Grant could help deputies go digital
The Orange County Sheriff’s Office will use a federal grant to buy digital radios, which Sheriff Keith Merritt said is part of Southeast Texas’ law enforcement future.
County commissioners in regular session this week changed the scope of the $185,000 grant regarding security cameras along Farm Road 1006 – to the newer radios.
Merritt said the FM 1006 grant hit several obstacles and his department wouldn’t be able to make the grant deadline.
Purchasing radios will still keep the grant within the original guidelines which specify communications equipment. The grant is 100 percent funded with no match to the county.
All law agencies in Southeast Texas are starting a push toward digital radios, Merritt said, with the unofficial deadline being sometime late in 2011.
The old analog systems will still be used until all agencies make the switch.
Agencies presently use the 800 megahertz band and will continue to do so within the digital spectrum.

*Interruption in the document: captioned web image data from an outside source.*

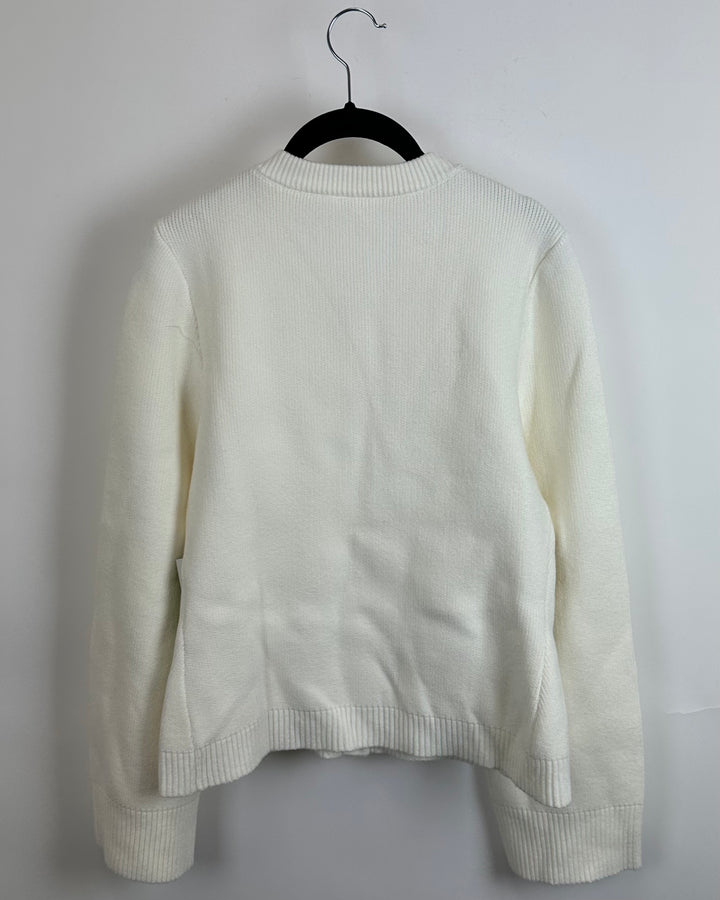 Cream Button-Up Cardigan - Size 4/6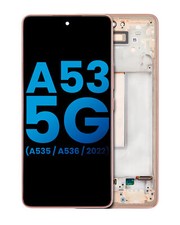 LCD Assembly W/Frame For Samsung Galaxy A53 5G A536/22 No Sensor Aftermarket 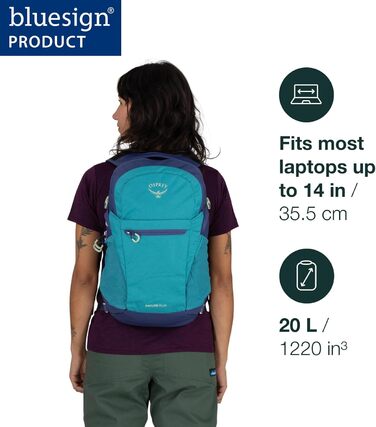 Рюкзак Osprey Daylite Plus для міста та подорожей, універсальний, легкий, 20 л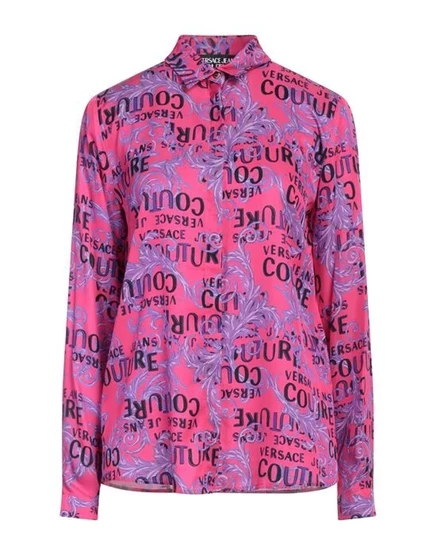 VERSACE JEANS COUTURE Pубашка фуксия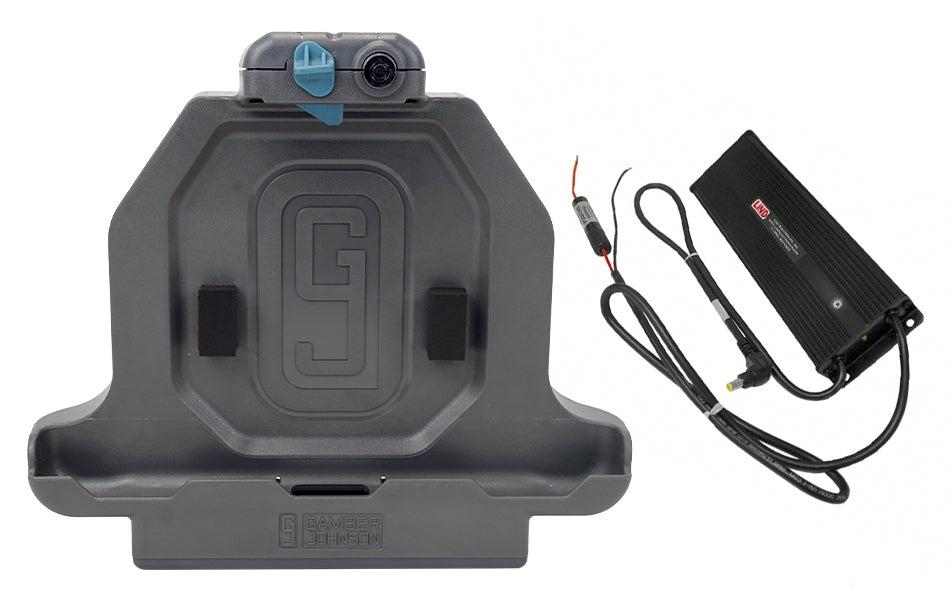 Gamber-Johnson Fahrzeug-Dock für Zebra ET51/56 – 12 V, VESA 75×75 – Schwarz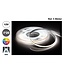 Led Strip ROL 5 Meter COB, 8w/m, 320 led/m, 760Lm/m, 4000K Neutraal wit, CRI90, 12v, IP33, 8mm, 2 Jaar garantie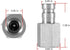 Camoo PD342 Series PD Steel Test Port and Diagnostic Equipment Quick Nipple with Female Pipe Thread, 1/8" Body Size, 1/4"-18 NPTF Thread Size, 1.6...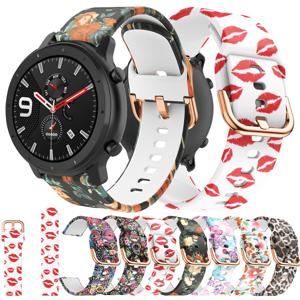 삼성 갤럭시 워치용 실리콘 스트랩, Huami Amazfit GTS 2 2e 3 워치용 스포츠 팔찌, 20mm, 22mm, 46mm, 액티브 2, 40mm, 44mm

Digital transmissions cannot generally be picked up on scanners available to the public, Merritt said, and law enforcement officials like that since many criminals use the devices to monitor broadcasts.
The original grant, to enhance security near Orange County industrial locations, was approved in April, 2008, and funded by the Justice and Homeland Security departments, among others.
New county health program
Personnel Director Jill Frillou discussed a new health program available to county employees within the Texas Association Counties system, which Precinct 1 Commissioner David Dubose said could save money based on TAC surveys.
The Planned Actions Toward Health, or PATH, will cost county employees who sign up $30. Spouses are also eligible since they’re covered through county insurance benefits.
“We want to start stressing health education and quality of life for employees,” Frillou said. “With the healthier our employees are, and the benefits we’re going to get as far as absenteeism and employee health awareness – we’re excited about all the information that TAC is making available to us that we can share.”
The program has an Olympics theme and lasts 10 weeks. March 6 is the deadline to sign-up. After further instructions, employees will be able to register online. Answers will be kept confidential.
“You log your walking hours is basically what you do,” Frillou said. “Every employee will get a pedometer.”
Contests and challenges can be made between departments within the county, or even extend to other counties, she said.
“This can create lifestyle changes,” Dubose said, adding that TAC reports a 3 to 1 return in other counties.
Assuming all 400,000 Orange County employees sign up, it will cost $12,000 to implement a program that could see an overall savings of $36,000.
Through seminars throughout the year, the county also offers employees information on diet, nutrition, diabetes and other health topics.